Sector regulators need to have appropriate mandates and objectives if they are to support carbon mitigation efforts. There is currently no standard approach to defining the role of economic regulators in the green transition. Only 41% of economic regulators have environmental sustainability objectives explicitly defined in legislation while 36% have no such objectives at all (Figure 8.12).
To support emission reductions and the green transition, regulators also need appropriate legal powers to consider environmental sustainability in their regulatory decisions. Regardless of their statutory objectives, 42% of economic regulators lack the legal power to consider environmental sustainability in decision making (Figure 8.13). These powers are most widely held by regulators in the energy (86%), water (77%), and air transport (72%) sector.
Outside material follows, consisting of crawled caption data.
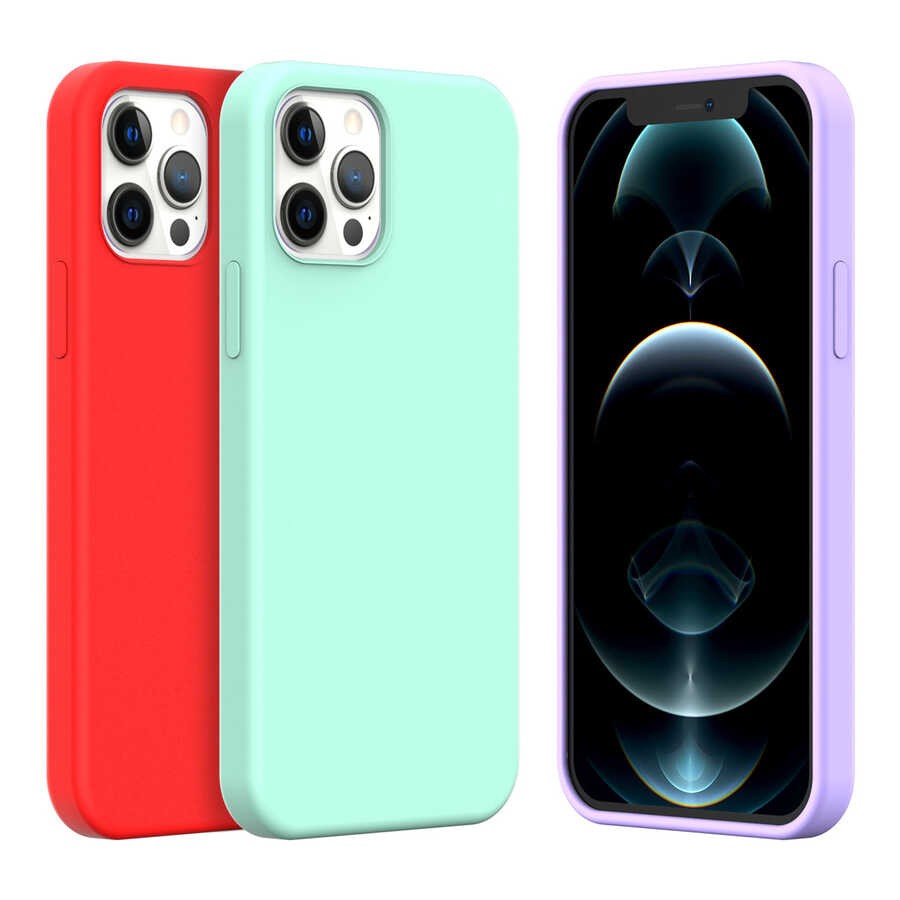 Apple iPhone 12 Pro Kılıf Araree Typo Skin Kapak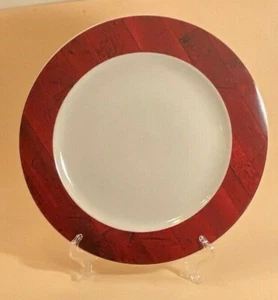 Vintage Sakura BARNS 12 ¼” Round Platter / Tray by Artist Warren Kimble / 1998 - Picture 1 of 5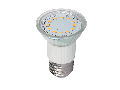 BEC CU LED PAR16 SMD2835 3W E27 230V ALB CALD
However, most regulators in rail transport (30%) and e-communications (29%) lack such powers.
Even where powers are provided, these may not extend to the full range of regulators’ functions, nor the full range of environmental issues. Only 21% of regulators have powers to consider the full range of environmental issues, including greenhouse gas reduction, decarbonisation, biodiversity, and water and air pollution (Figure 8.14). The most common environmental issues that regulators have the power to consider are greenhouse gas reduction (held by 65% of regulators with such powers) and decarbonisation (65%). However, only a minority can consider waste management (33%) or biodiversity (31%).
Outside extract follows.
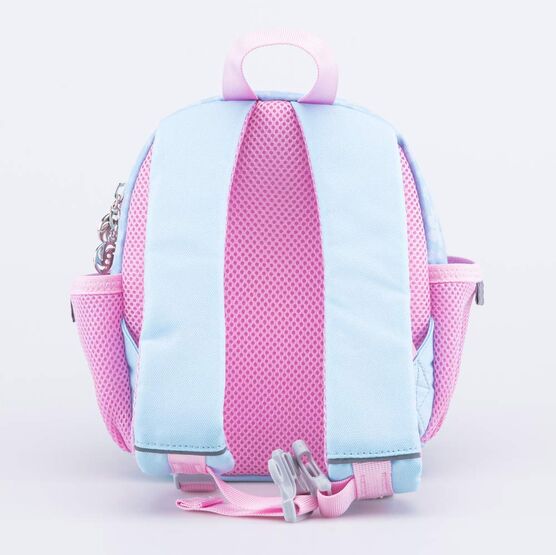 02810294-40 Рюкзак детский голубой для девочки голубой фото №3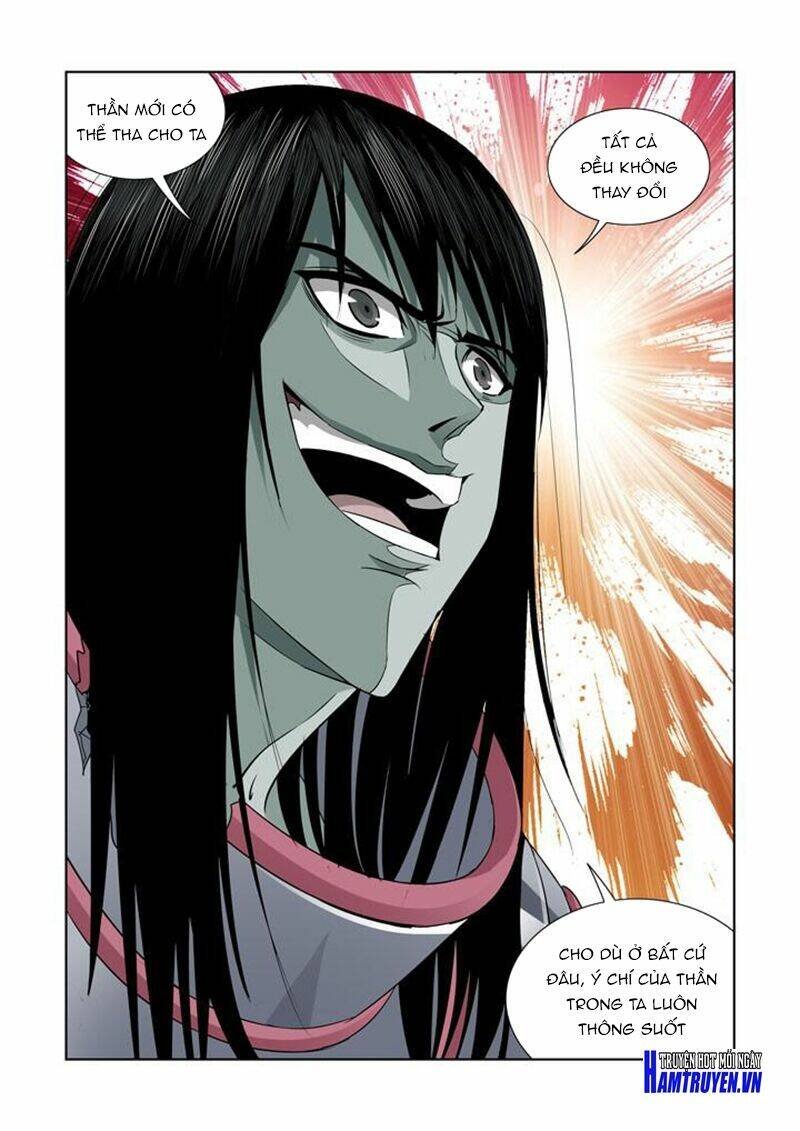 zombie knight chapter 60 12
A broadened remit that includes sustainability requires regulators to balance multiple objectives. Around 43% of regulators have encountered or anticipate trade-offs between environmental and other policy objectives (Online Figure J.5.1). For 37% of regulators, these trade-offs relate to improving cost effectiveness, and for 27% they relate to protecting consumer welfare or social inclusion. Co-ordination can be enabled by establishing clear roles and responsibilities, and guidance on managing competing priorities. However, 60% of regulators lack formal co-ordination mechanisms to connect them with public authorities for environmental sustainability issues (Online Figure J.5.2).